* _Your task_
Lines from the one containing "watercolor painting of" through the last line of the data are to be returned exactly, both ends included, minus any pictures.

* _Dataset extract_
******
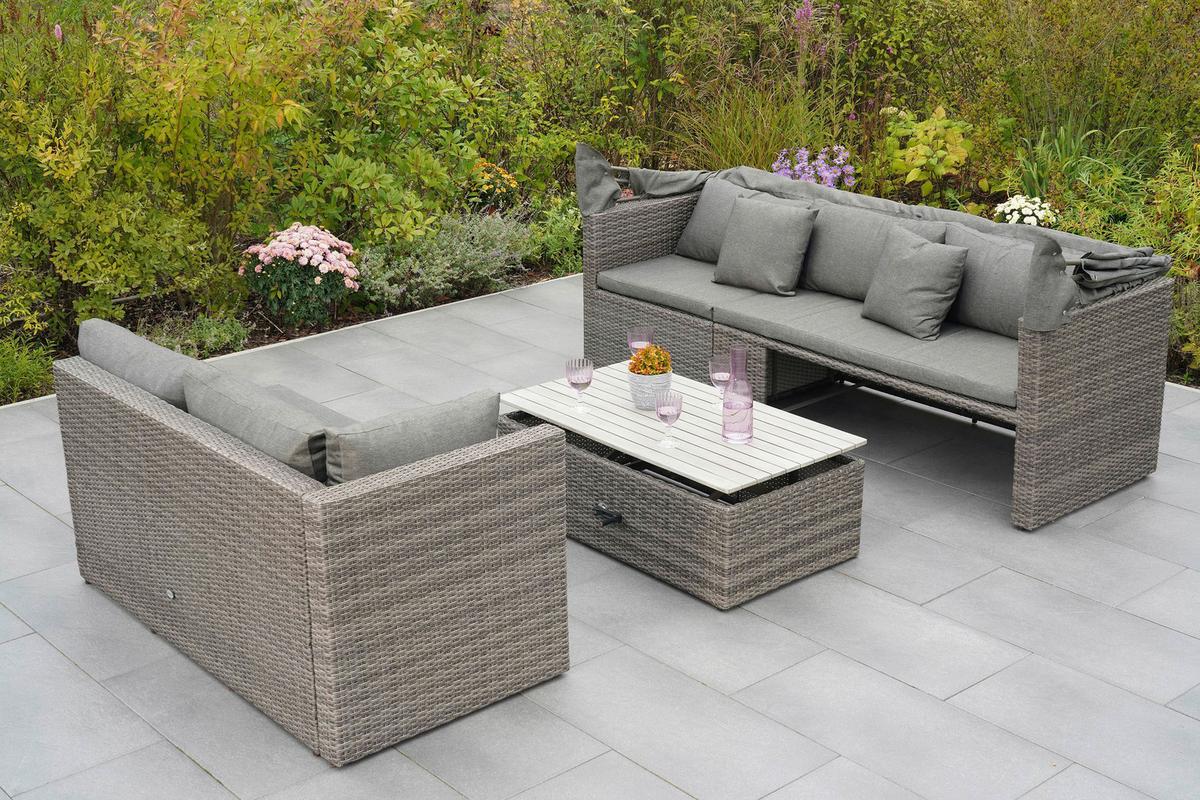 Loungegarnitur 3-tlg. Sanmarco Holz/metall/textil Mit Kissen - Hellgrau/Grau, KONVENTIONELL, Holz/Kunststoff (250/150/168cm) - Gardenson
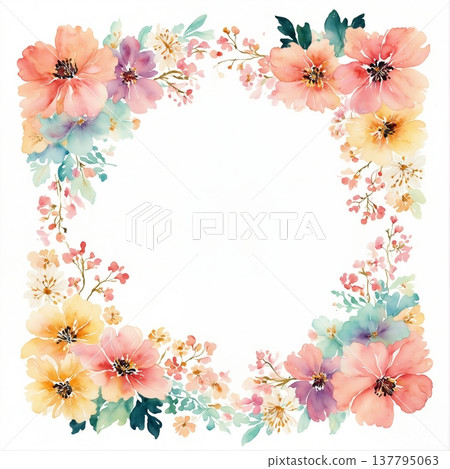 watercolor painting of chrysanthemum flowers 137795063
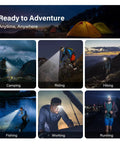Collage showing Rechargeable LED Headlamp With Motion Sensor Waterproof All Weather Outdoor Headlight 4 Pack in various outdoor activities.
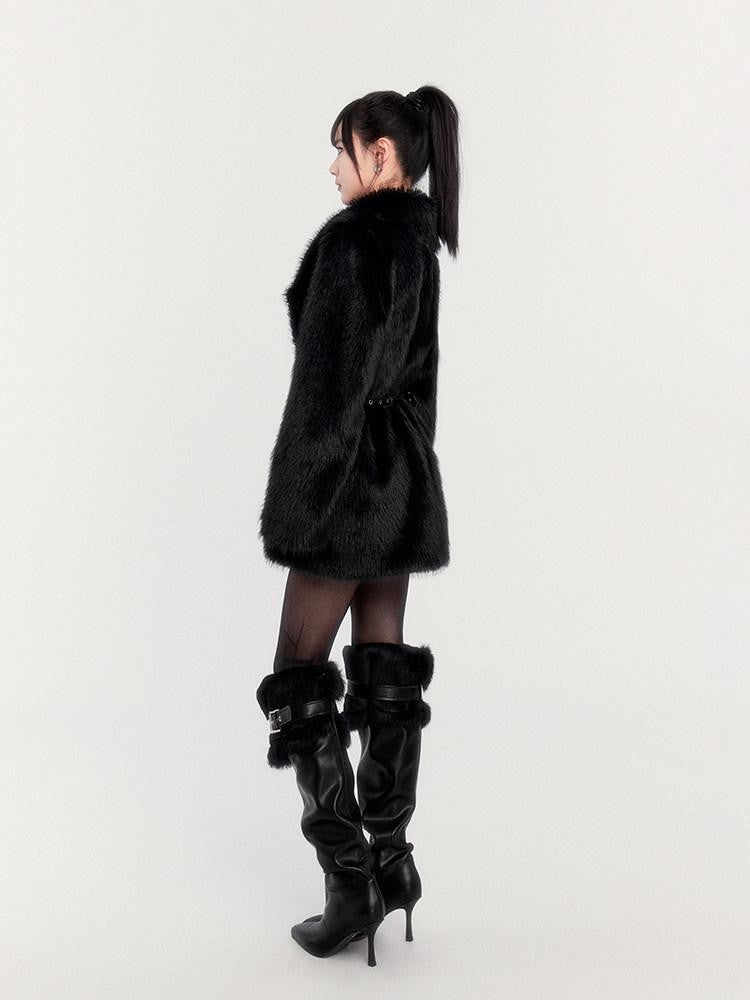 VOCK Black Cross Belt Slim Fit Dark Slavic Women's Eco Faux Fur Coats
******
* _Exercise result_
 watercolor painting of chrysanthemum flowers 137795063
Collage showing Rechargeable LED Headlamp With Motion Sensor Waterproof All Weather Outdoor Headlight 4 Pack in various outdoor activities.
 VOCK Black Cross Belt Slim Fit Dark Slavic Women's Eco Faux Fur Coats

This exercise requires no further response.